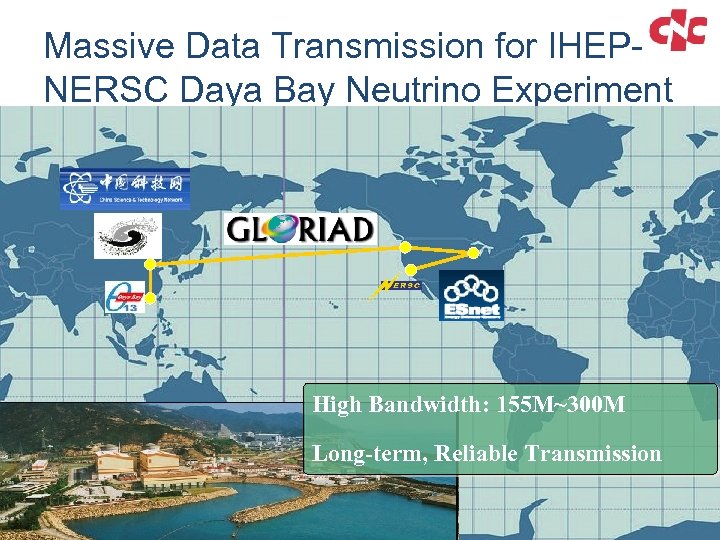 Massive Data Transmission for IHEPNERSC Daya Bay Neutrino Experiment High Bandwidth: 155 M~300 M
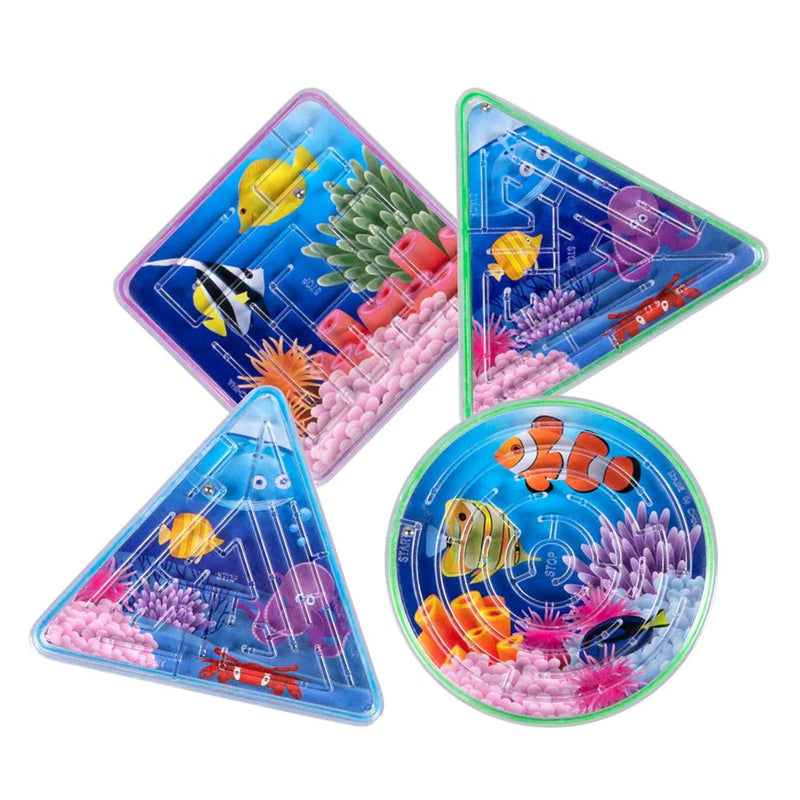 Favours Set Labyrinth-Spiele Fisch 6,5x6,5 cm | 4 Stück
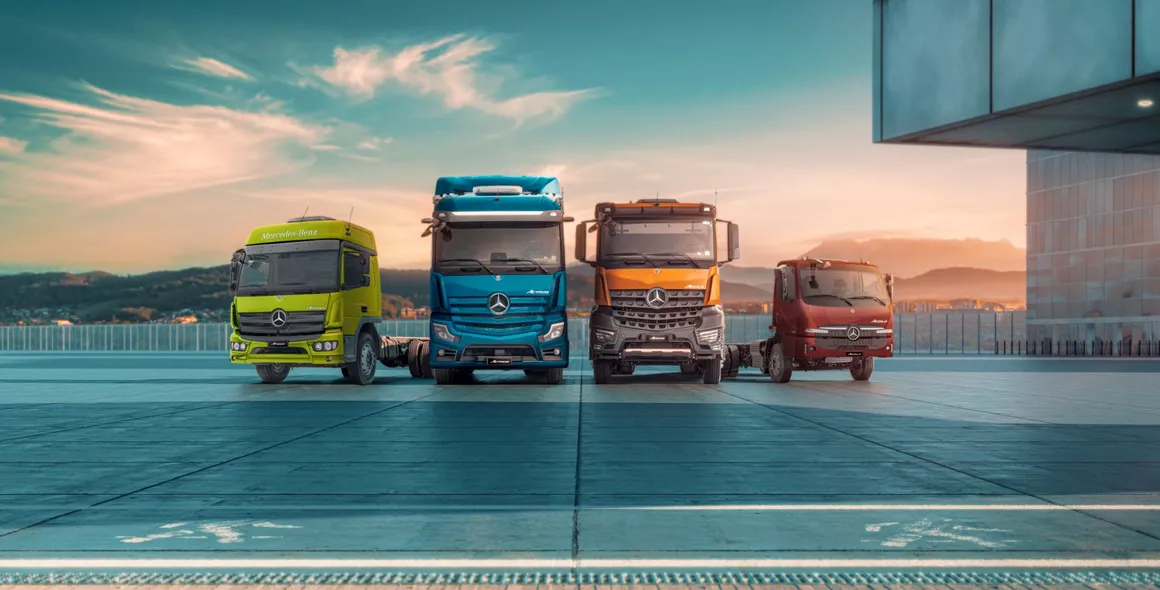 Mercedes-Benz oferece taxas a partir de 0,95% a.m. para financiamento de caminhões extrapesados Actros Evolution on-road e Arocs off-road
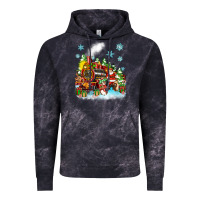 Cloud Black christmas santa and friends train Vintage Hoodie - Zillion Design Studio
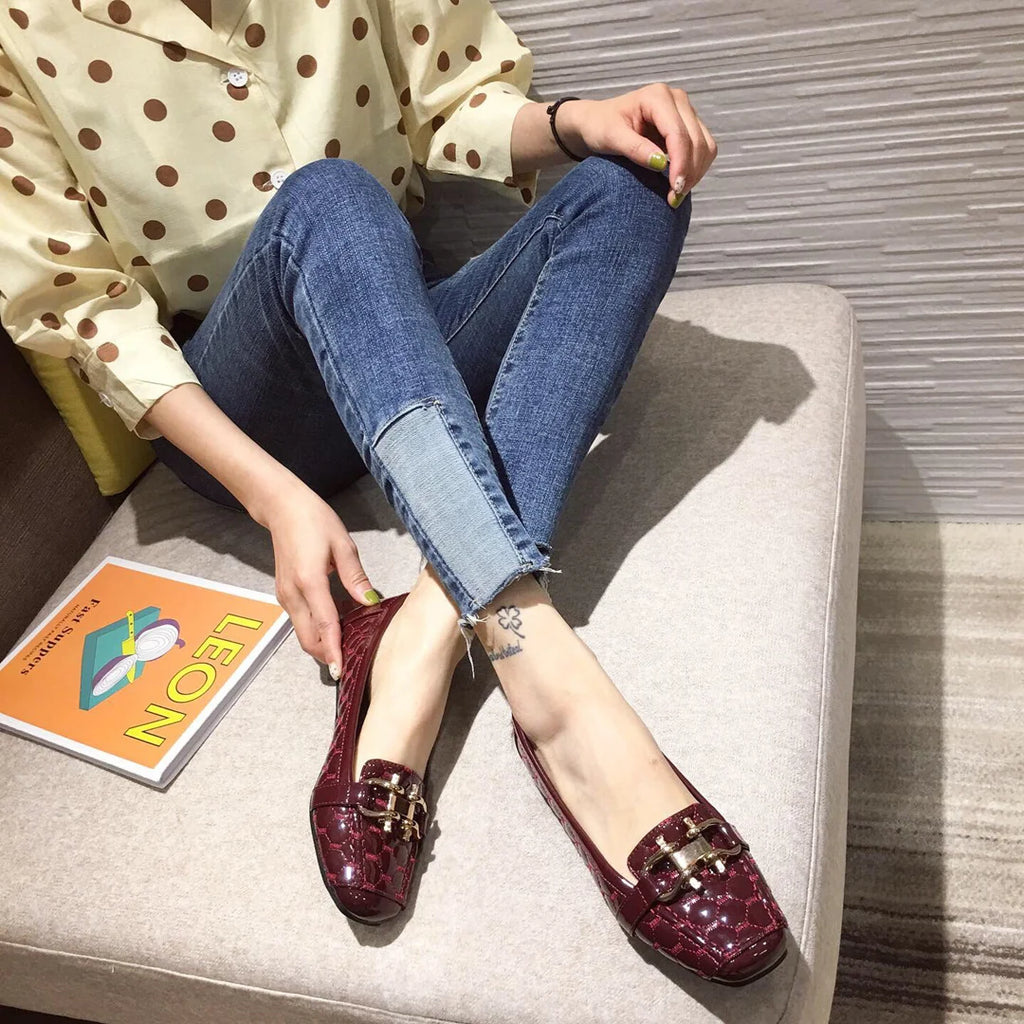 Woman's Flats Casuales for Female Soft Bottom Comfortable Square Head Single Shoes White Black Red Ladies Spring Autumn Loafers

DIRECTIONS FOR THIS TASK: Every entry above is to be set down exactly; the pictures are to be left out.

RESPONSE:
 Massive Data Transmission for IHEPNERSC Daya Bay Neutrino Experiment High Bandwidth: 155 M~300 M
 Favours Set Labyrinth-Spiele Fisch 6,5x6,5 cm | 4 Stück
 Mercedes-Benz oferece taxas a partir de 0,95% a.m. para financiamento de caminhões extrapesados Actros Evolution on-road e Arocs off-road
 Cloud Black christmas santa and friends train Vintage Hoodie - Zillion Design Studio
 Woman's Flats Casuales for Female Soft Bottom Comfortable Square Head Single Shoes White Black Red Ladies Spring Autumn Loafers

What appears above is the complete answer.